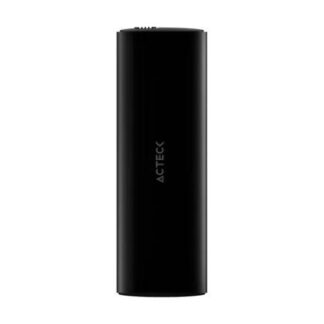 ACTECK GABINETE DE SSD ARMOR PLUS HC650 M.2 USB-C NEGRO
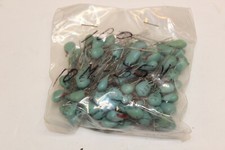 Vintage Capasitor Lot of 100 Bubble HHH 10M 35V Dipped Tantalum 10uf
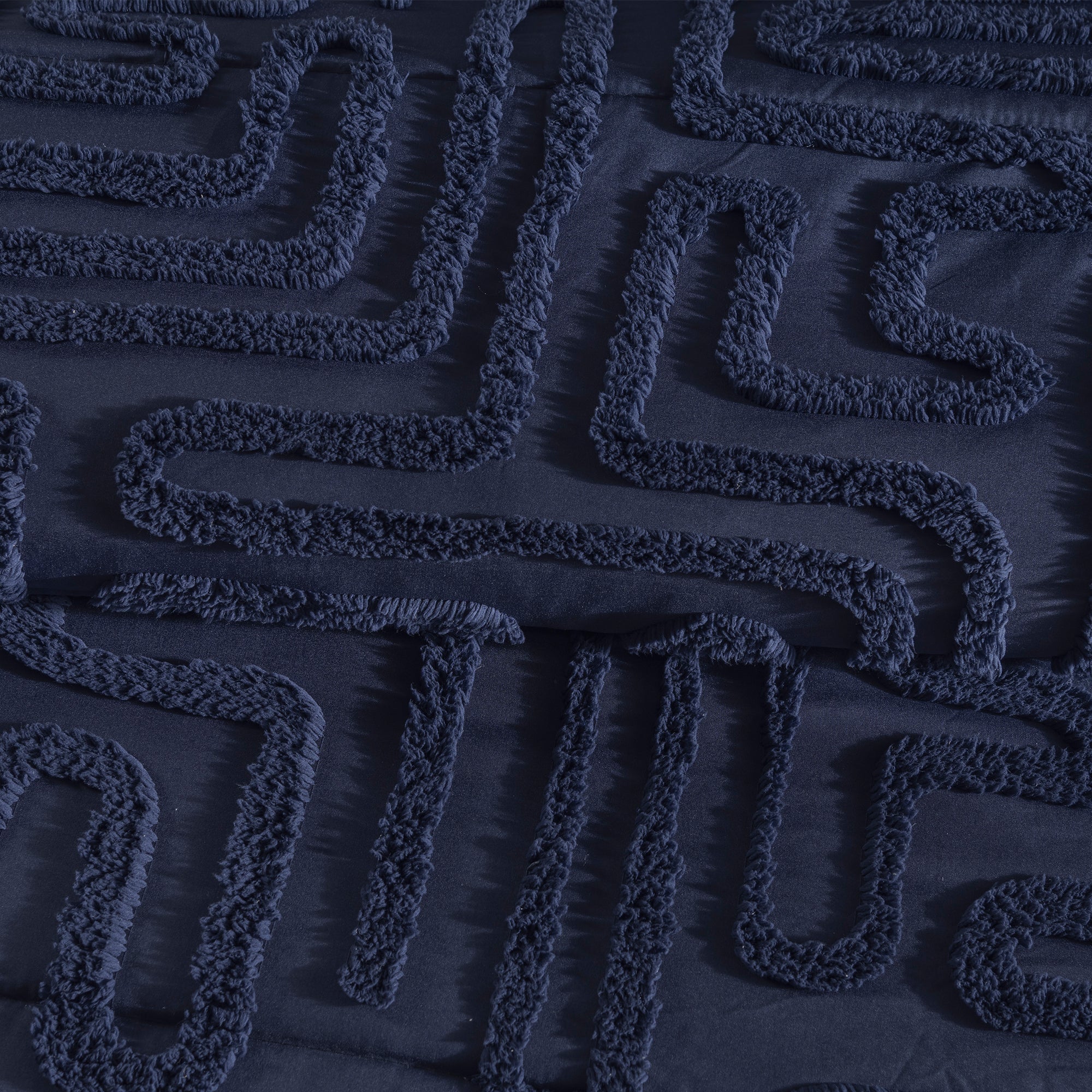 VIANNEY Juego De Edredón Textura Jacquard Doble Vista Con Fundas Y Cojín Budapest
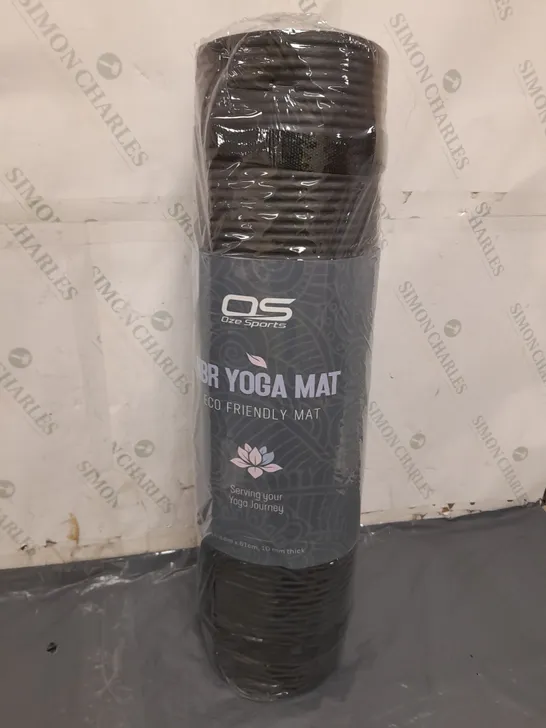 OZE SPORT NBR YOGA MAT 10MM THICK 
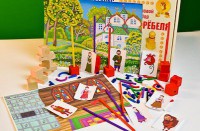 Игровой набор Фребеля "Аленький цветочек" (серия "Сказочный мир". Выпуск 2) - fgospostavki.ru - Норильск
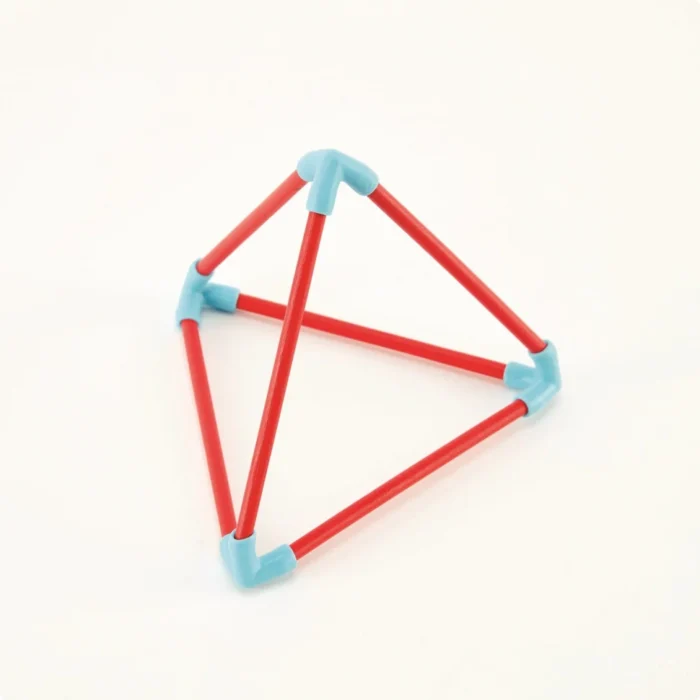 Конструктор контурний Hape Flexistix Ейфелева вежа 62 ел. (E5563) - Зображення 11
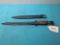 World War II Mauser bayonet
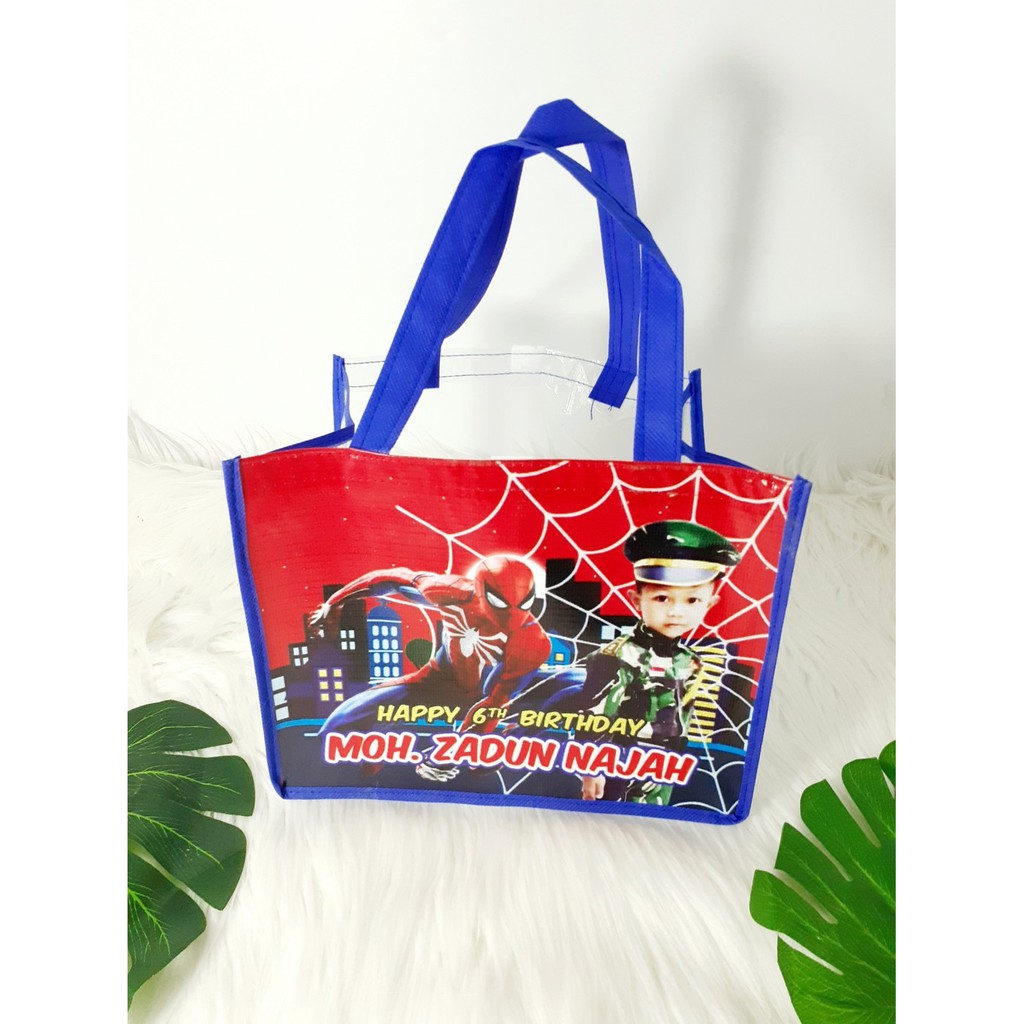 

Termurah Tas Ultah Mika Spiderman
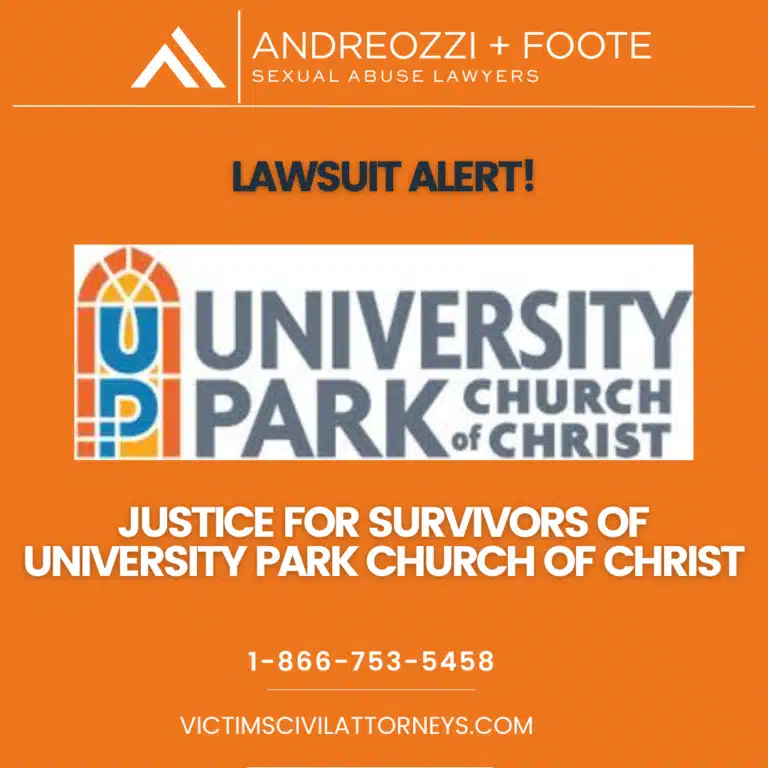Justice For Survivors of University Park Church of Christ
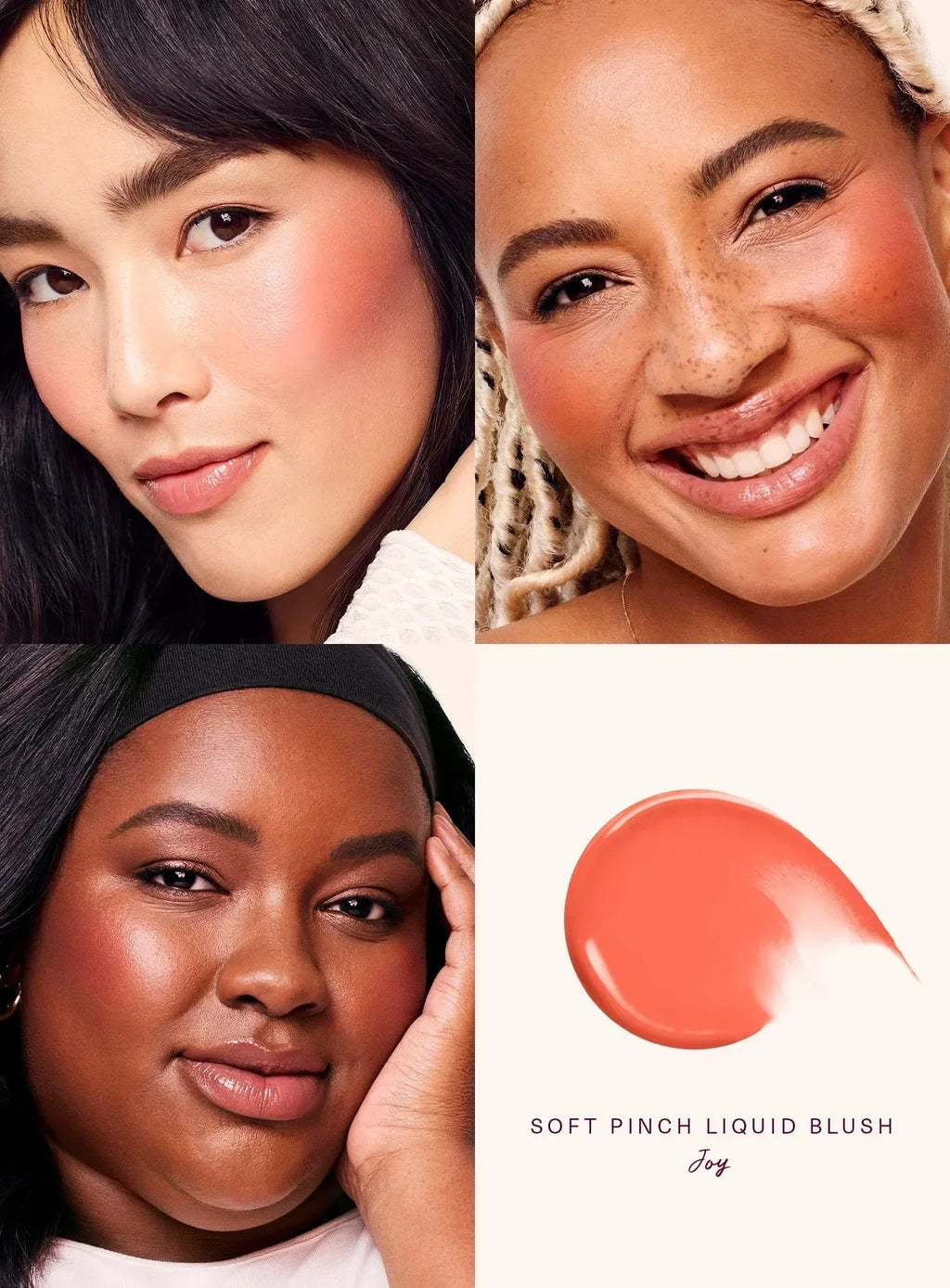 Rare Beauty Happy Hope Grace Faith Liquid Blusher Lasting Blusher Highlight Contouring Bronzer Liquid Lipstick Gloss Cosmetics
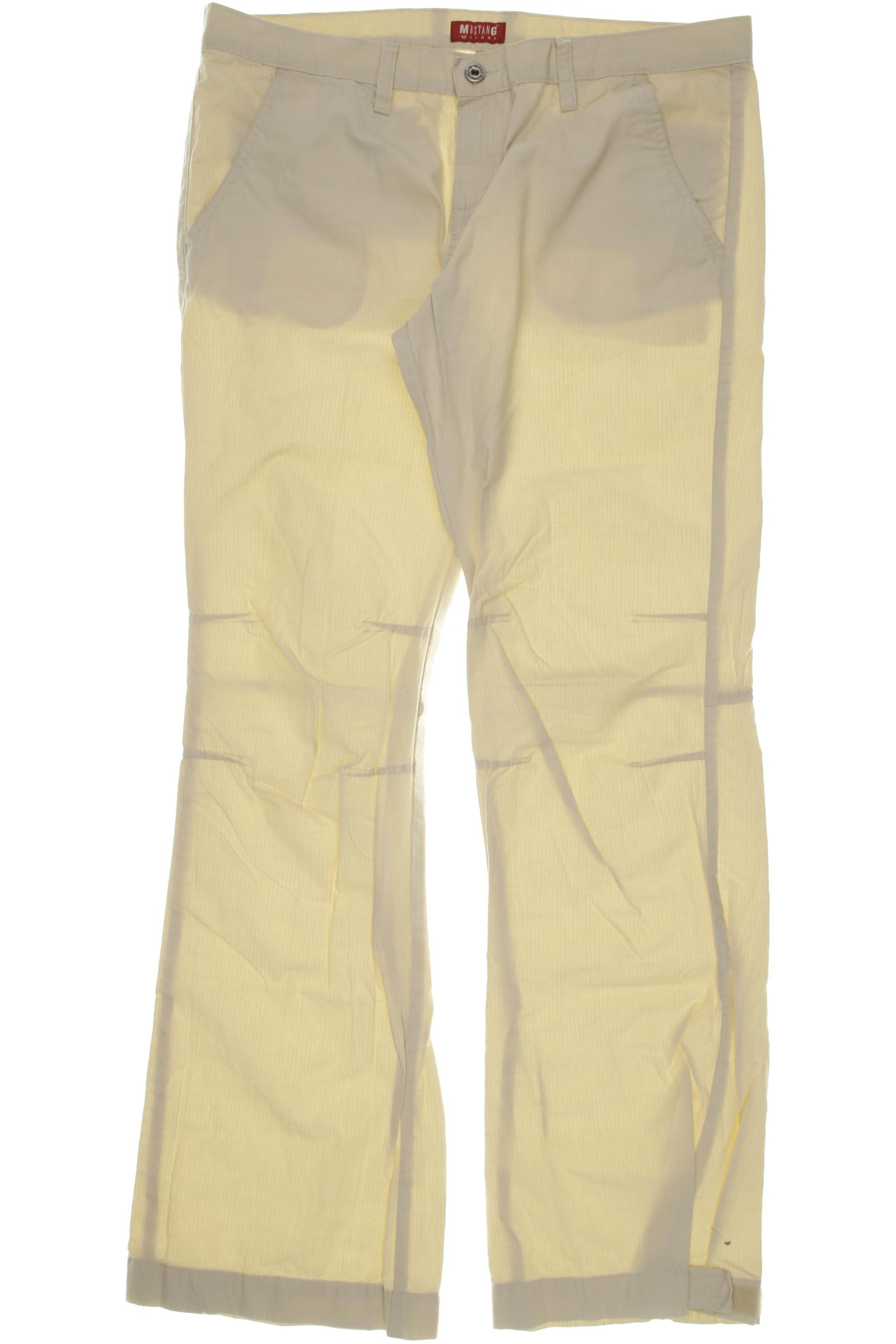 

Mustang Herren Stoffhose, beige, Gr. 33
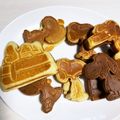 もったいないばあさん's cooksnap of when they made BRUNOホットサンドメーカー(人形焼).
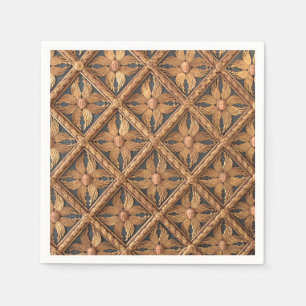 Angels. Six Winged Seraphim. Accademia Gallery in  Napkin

Task details>
Copy all of the material word for word, and include none of its pictures.

Exercise answer>
 ACTECK GABINETE DE SSD ARMOR PLUS HC650 M.2 USB-C NEGRO
 Vintage Capasitor Lot of 100 Bubble HHH 10M 35V Dipped Tantalum 10uf
 VIANNEY Juego De Edredón Textura Jacquard Doble Vista Con Fundas Y Cojín Budapest
 OZE SPORT NBR YOGA MAT 10MM THICK 
 Игровой набор Фребеля "Аленький цветочек" (серия "Сказочный мир". Выпуск 2) - fgospostavki.ru - Норильск
 Конструктор контурний Hape Flexistix Ейфелева вежа 62 ел. (E5563) - Зображення 11
 World War II Mauser bayonet

Termurah Tas Ultah Mika Spiderman
Justice For Survivors of University Park Church of Christ
 Rare Beauty Happy Hope Grace Faith Liquid Blusher Lasting Blusher Highlight Contouring Bronzer Liquid Lipstick Gloss Cosmetics

Mustang Herren Stoffhose, beige, Gr. 33
 もったいないばあさん's cooksnap of when they made BRUNOホットサンドメーカー(人形焼).
 Angels. Six Winged Seraphim. Accademia Gallery in  Napkin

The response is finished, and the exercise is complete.